I have a problem where I need to read a large text file and conditionally send data from it to two different database tables using Python. I would like to use a generator pipeline to avoid loading all the data into memory.
The logic of what I am trying to do is equivalent to turning a generator that yields integers into one for odd numbers and another for even numbers then simultaneously them writing them to separate files.
I can split into two generators with itertools.tee as follows:
def generate_numbers(limit):
# My real-life function has this form.
for i in range(limit):
yield i
numbers1, numbers2 = itertools.tee(generate_numbers(10), n=2)
evens = (num for num in numbers1 if num % 2 == 0)
odds = (num for num in numbers2 if num %2 != 0)
This produces the expected result:
>>> list(evens)
[0, 2, 4, 6, 8]
>>> list(odds)
[1, 3, 5, 7, 9]
The tee
documentation warns the lots of temporary data will be stored if one iterator uses most or all of the data before the other starts.
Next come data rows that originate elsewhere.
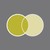 Europa Eyewear logo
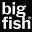 bigfish.co.uk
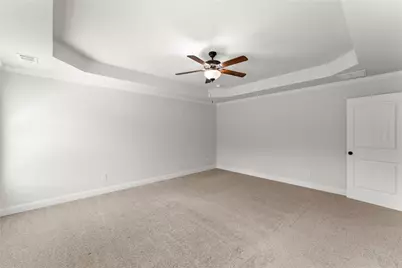68 Suwannee Way, Jefferson, GA 30549 - Photo 19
This is what happens when I write the data (from fresh iterators) to files as below.
def write_to_file(filename, numbers):
# My real-life function takes an iterable as an argument.
with open(filename, 'wt') as outfile:
for i in numbers:
outfile.write(f"{i}\n")
write_to_file('evens.txt', evens)
write_to_file('odds.txt', odds)
Is it possible to consume the generators simultaneously? The tee
documentation also warns that it isn't thread safe. Can this be done with asyncio
?
Alternatively, is there another approach? Would chunking the data help? My main constraints are that I don't want to hold all the data for a single table in memory and that my consuming functions expect an iterable of items, rather than an individual item.
Similar questions
This question: Separate odd and even lines in a generator with python is very similar to mine. The accepted answer suggests passing through the input file twice. I may end up doing this, but it would be nice to do a single pass.
There is another answer the opens both output files at once for writing and then processes each item one-by-one. This isn't suitable for me as my real-life consuming function expects to read all the items in an iterator.
Edit: After posting, I found this answer from 2015: https://stackoverflow.com/a/28030261/3508733, which suggests that you can't do it with itertools.tee
, because of the memory issue. Is there an alternative way?